Spoilers from the start...
Aaron Sorkin's much-lauded reworking of To Kill a Mockingbird is a good deal darker and more visceral than I remember the beloved story to be. But memory, it turns out, is a funny thing.Atticus Finch defined my ideas of respect for others and gave me a profound reverence for the law and learning. The iconic character made me, and classmates like me, proud our dads were lawyers. Most of my friends who went to law school did so with Finch's spirit beneath their wings. Scout, as the wise-cracking tomboy who was smarter than her years and naively idealistic, was a character with whom almost everyone at our all-girls' school could associate. The nuns, I suspect, found the book a far easier tool than the Bible for hammering the traits of kindness, understanding, patience and empathy into our characters.
I'd like to think that the messages hit home. And yet, last night, I realised with horror that I'd forgotten that Atticus lost the case. That Tom Robinson died in a miscarriage of justice. Atticus, the children, the bad guy's end and the redemption of Boo Radley lived in my mind. I remembered ... mis-remembered ... that Tom Robinson walked free, and Bob Ewell was driven mad by the defeat. I forgot that Atticus' ideals actually failed to save the victim at the heart of the story. And I'm ashamed to admit it.

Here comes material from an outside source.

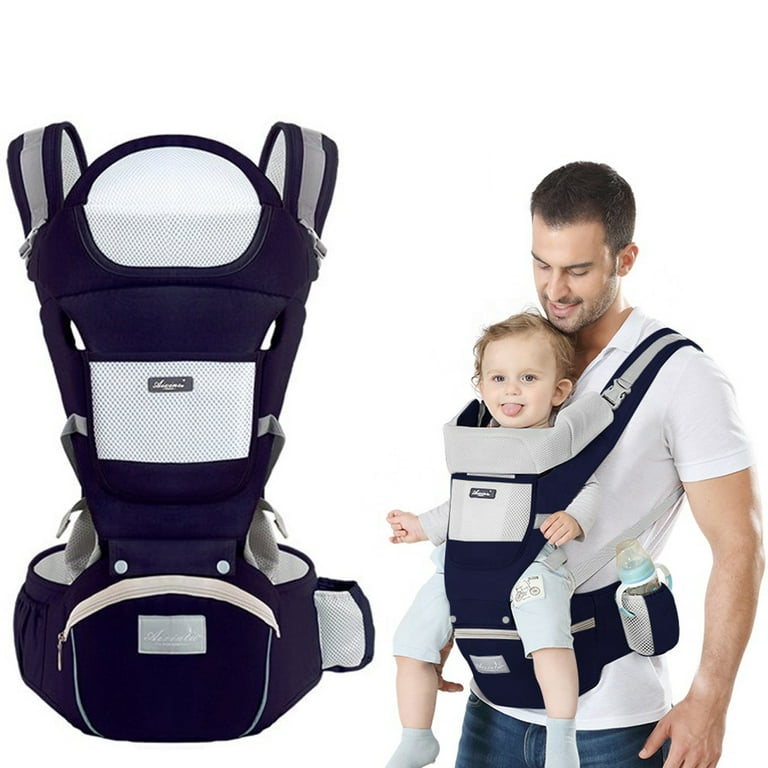 Porte bébé multi-position, Baby Carrier - DKIDSSHOP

I suspect no black reader of the story forgets that part.
Nor will anyone who sees this adaptation. Tom, and the injustice done to him, takes centre stage. The racism is far more overt than the text of the book, expressed in language that is stomach-churning to hear spoken aloud. Clearly influenced by both modern America and Harper Lee's "sequel" (now thought to be a rejected first version), Go Set a Watchman, Atticus is more flawed and the moral lessons greyer. The classic version gave hope for a better future. This one ejects you from the theatre in sadness and frustration.
Maybe that's exactly what we need. This text has been in the core American curriculum for generations, and is taught in other countries around the world, but it hasn't changed us enough. So Sorkin is, as Scout might put it, smackin' us upside the head.

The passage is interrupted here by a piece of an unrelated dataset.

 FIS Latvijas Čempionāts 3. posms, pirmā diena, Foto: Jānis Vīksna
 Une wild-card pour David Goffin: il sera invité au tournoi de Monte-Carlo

It is familiar territory for the writer behind The West Wing and A Few Good Men, who loves a courtroom drama and often features lawyers as the good guys. His usual combination of rapid banter and quick wit is here, as are the noble speeches appealing to our better selves that drop in like the big love songs in a musical. It's a shame about the accents, which in some cases are deployed with such an extreme drawl by the mostly British cast that they become hard to decipher. Gwyneth Keyworth gave us a magnificently acted Scout ... no small challenge for an adult to play an 8-year-old convincingly ... but her adopted accent obscured 20% of her words. That's a criminal loss with Sorkin, where every word matters. Far better to hear Jim Norton's native Irish accent regularly peeping through Judge Taylor's facade, but with complete clarity.

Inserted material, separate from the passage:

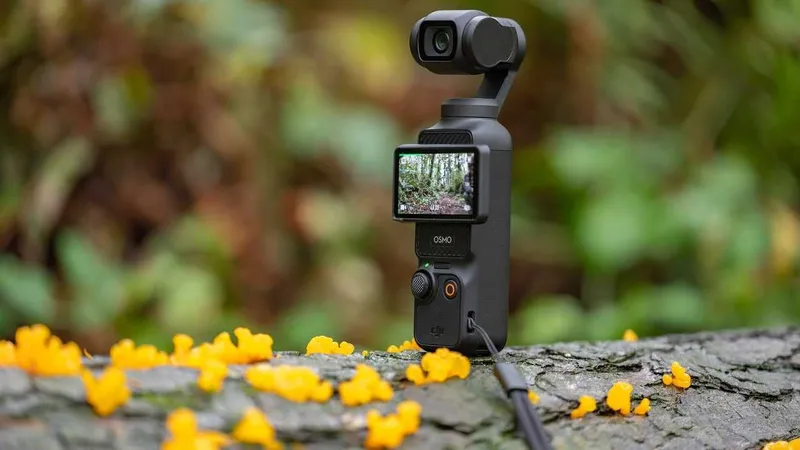 DJI Osmo Pocket 3 Full Creator Combo
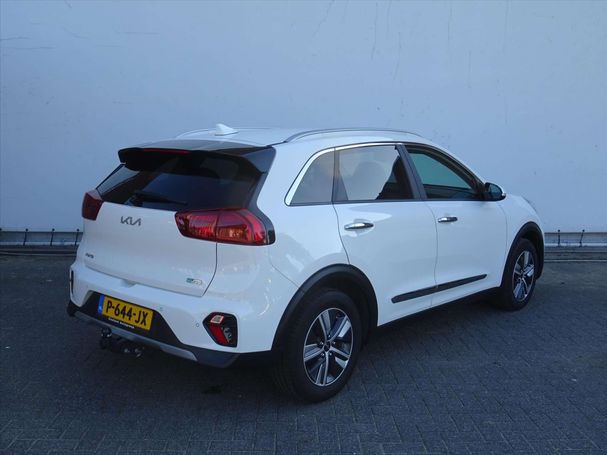 Kia Niro 1.6 GDI 104 kW image number 4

Rafe Spall is magnificent, and entirely audible, as an Atticus Finch for the new age. Still a role model but with flaws, foibles and fears aplenty. But best of all were Jude Owosu's dignified, noble Tom Robinson and Pamela Nomvete's firey, assertive housekeeper Calpurnia. Sorkin has significantly expanded the roles of the black characters, and it's to the story's overall benefit.
If To Kill a Mockingbird is a sacred text of your childhood, you may be uncomfortable with the way this version shakes up how you see the story. But learning isn't supposed to be comfortable, and this story remains a requirement for the course curriculum of life.
To Kill a Mockingbird is at the Geilgud Theatre in London until 19 November.